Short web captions
+ + + + + + +
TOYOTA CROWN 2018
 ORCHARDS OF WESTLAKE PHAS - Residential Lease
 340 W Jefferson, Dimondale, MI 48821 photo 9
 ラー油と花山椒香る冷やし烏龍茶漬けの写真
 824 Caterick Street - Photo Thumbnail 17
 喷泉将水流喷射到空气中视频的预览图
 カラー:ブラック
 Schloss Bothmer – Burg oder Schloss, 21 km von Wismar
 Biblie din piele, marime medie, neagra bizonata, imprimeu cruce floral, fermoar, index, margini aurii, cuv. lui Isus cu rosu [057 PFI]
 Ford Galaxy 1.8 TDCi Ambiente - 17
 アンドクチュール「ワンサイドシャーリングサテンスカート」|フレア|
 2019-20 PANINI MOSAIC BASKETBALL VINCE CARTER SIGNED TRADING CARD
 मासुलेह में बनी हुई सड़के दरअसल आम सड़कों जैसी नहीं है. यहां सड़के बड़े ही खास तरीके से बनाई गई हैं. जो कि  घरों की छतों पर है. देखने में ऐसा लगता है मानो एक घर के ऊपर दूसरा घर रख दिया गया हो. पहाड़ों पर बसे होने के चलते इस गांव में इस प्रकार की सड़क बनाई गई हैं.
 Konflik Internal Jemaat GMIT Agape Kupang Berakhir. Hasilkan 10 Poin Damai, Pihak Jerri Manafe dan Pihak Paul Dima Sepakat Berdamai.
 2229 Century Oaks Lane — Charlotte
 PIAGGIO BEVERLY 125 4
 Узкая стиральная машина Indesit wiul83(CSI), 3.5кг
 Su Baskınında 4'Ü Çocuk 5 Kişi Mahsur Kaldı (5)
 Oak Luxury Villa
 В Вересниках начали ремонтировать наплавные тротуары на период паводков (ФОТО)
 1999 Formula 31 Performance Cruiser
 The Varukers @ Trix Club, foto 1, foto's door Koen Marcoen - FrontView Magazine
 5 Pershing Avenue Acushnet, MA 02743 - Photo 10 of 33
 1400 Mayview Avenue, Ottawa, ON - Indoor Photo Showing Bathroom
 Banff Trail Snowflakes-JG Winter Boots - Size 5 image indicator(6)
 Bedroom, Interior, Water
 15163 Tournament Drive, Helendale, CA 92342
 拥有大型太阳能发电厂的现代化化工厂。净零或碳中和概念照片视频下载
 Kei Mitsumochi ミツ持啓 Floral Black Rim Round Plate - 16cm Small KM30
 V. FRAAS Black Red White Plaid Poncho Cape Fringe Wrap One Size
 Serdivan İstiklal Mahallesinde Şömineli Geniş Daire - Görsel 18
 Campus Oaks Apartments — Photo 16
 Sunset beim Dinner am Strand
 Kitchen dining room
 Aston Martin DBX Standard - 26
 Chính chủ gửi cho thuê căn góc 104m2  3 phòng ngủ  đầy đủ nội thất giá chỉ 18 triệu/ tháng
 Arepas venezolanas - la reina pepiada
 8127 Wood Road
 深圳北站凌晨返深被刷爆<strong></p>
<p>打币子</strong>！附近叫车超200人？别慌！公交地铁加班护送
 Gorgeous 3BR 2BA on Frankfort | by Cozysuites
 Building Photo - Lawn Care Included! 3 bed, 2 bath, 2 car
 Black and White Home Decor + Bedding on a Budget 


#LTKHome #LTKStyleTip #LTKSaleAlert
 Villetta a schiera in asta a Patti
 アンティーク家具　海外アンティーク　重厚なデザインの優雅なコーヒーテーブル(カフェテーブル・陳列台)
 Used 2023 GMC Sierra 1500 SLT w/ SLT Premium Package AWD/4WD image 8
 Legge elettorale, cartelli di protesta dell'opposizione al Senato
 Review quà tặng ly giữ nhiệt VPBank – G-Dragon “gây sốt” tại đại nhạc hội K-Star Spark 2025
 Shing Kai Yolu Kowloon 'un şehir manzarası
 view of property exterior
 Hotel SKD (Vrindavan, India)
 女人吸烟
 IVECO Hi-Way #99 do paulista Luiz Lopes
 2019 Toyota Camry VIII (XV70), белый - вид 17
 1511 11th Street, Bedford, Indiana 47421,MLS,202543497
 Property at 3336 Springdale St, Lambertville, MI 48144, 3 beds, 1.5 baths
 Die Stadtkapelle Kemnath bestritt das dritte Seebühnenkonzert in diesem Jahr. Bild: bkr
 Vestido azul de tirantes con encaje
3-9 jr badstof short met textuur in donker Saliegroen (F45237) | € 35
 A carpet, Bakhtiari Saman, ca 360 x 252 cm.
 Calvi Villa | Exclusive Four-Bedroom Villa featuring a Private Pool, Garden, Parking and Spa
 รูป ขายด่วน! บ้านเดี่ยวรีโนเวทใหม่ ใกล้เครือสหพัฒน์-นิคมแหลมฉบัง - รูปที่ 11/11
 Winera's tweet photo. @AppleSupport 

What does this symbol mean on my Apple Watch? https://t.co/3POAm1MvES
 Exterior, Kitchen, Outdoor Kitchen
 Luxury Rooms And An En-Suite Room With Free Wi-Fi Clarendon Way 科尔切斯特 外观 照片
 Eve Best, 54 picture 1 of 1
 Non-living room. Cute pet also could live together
+ + + + + + +
- _Exercise description_: Repeat the entries verbatim through the line with "Oak Luxury Villa".

- _Solution below_:
TOYOTA CROWN 2018
 ORCHARDS OF WESTLAKE PHAS - Residential Lease
 340 W Jefferson, Dimondale, MI 48821 photo 9
 ラー油と花山椒香る冷やし烏龍茶漬けの写真
 824 Caterick Street - Photo Thumbnail 17
 喷泉将水流喷射到空气中视频的预览图
 カラー:ブラック
 Schloss Bothmer – Burg oder Schloss, 21 km von Wismar
 Biblie din piele, marime medie, neagra bizonata, imprimeu cruce floral, fermoar, index, margini aurii, cuv. lui Isus cu rosu [057 PFI]
 Ford Galaxy 1.8 TDCi Ambiente - 17
 アンドクチュール「ワンサイドシャーリングサテンスカート」|フレア|
 2019-20 PANINI MOSAIC BASKETBALL VINCE CARTER SIGNED TRADING CARD
 मासुलेह में बनी हुई सड़के दरअसल आम सड़कों जैसी नहीं है. यहां सड़के बड़े ही खास तरीके से बनाई गई हैं. जो कि  घरों की छतों पर है. देखने में ऐसा लगता है मानो एक घर के ऊपर दूसरा घर रख दिया गया हो. पहाड़ों पर बसे होने के चलते इस गांव में इस प्रकार की सड़क बनाई गई हैं.
 Konflik Internal Jemaat GMIT Agape Kupang Berakhir. Hasilkan 10 Poin Damai, Pihak Jerri Manafe dan Pihak Paul Dima Sepakat Berdamai.
 2229 Century Oaks Lane — Charlotte
 PIAGGIO BEVERLY 125 4
 Узкая стиральная машина Indesit wiul83(CSI), 3.5кг
 Su Baskınında 4'Ü Çocuk 5 Kişi Mahsur Kaldı (5)
 Oak Luxury Villa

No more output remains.